Officers went to the gallery after complaints that the painting, which features a naked woman wearing cowboy boots, her legs splayed to reveal a black triangle with pink wool on top, is not art but pornography.

Val Harris, the gallery’s owner, has refused to remove the work, which is part of an exhibition she curated by the artist Poppy Baynham and her sister.

Baynham, a third-year student at Central Saint Martins, part of the University of Arts London, said she was shocked by the reaction to her painting, which had been chosen for the window simply because it was the right proportion.

“They have said it’s pornography, which I can’t really wrap my head around,” she said. “I don’t know what kind of pornography they’ve been looking at, but it’s definitely not my painting.

“I’m a student in London and my art never gets any attention like this because London is obviously the hub of art,” Baynham added, musing that perhaps Hay-on-Wye, situated on the Powys-Herefordshire border, was less “open-minded”.

All her paintings were of the female body, she said. “It’s just expressing the female body and normalising the female body, because everyone sexualises it.

“I don’t want to take it down because it would go against everything I believe in.”

After the visit by police officers, a sign was put up in the window inviting people to take part in a live debate on Instagram. Baynham read aloud a statement defending the work: “Most straight women haven’t seen a vulva so I see why they might be scared of it and it is clear to me there must be a lot of straight women in Hay.

“I think also penises can be seen as comical while vulvas are only sexual. The reason why I paint the female body and not the male body is because I want the world to normalise these non-sexual body parts that 50% of the world have.”

Police had asked the painting be moved further inside the gallery, but Harris said she was “making a stand”. She said she was shocked to be told about the complaints, but that support online had been “massive” – “around 90% pro and 10% anti”, she said.

“This is a body of work made for this exhibition,” she said. “It’s called Party Time. It’s women having fun at a party, and one of them has chosen to take their clothes off.”

Harris added: “Everyone has got a right to say something.
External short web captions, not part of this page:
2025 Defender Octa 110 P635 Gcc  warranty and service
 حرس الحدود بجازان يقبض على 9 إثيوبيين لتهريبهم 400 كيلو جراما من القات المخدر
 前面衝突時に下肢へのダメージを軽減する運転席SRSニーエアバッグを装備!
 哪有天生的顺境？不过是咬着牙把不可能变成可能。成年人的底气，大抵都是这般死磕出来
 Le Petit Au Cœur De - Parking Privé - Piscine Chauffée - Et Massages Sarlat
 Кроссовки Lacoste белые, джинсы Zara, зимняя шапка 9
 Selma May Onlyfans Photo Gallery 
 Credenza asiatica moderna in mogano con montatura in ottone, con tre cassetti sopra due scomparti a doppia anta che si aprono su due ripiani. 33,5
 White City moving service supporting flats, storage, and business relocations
But the artist is just normalising the female body. She’s been working with the female body all her artistic life. And I didn’t put it in the window to shock. I put in because it was the right size for the window.”

Dyfed-Powys police said in a statement: “We can confirm that officers have attended the gallery. The neighbourhood policing team is monitoring the situation.”

A Hay council spokesperson said:“ Hay town council have not received a single complaint about the painting and were not aware of any differing opinions regarding the painting. No action is planned or being discussed.”

The painting is due to be removed on Sunday, when the week-long exhibition ends. Baynham said the reaction to it would now form part of her dissertation. “We are going to do an experiment and get a gallery in London to do the exact same thing and see the reaction in London and what people say and feel.”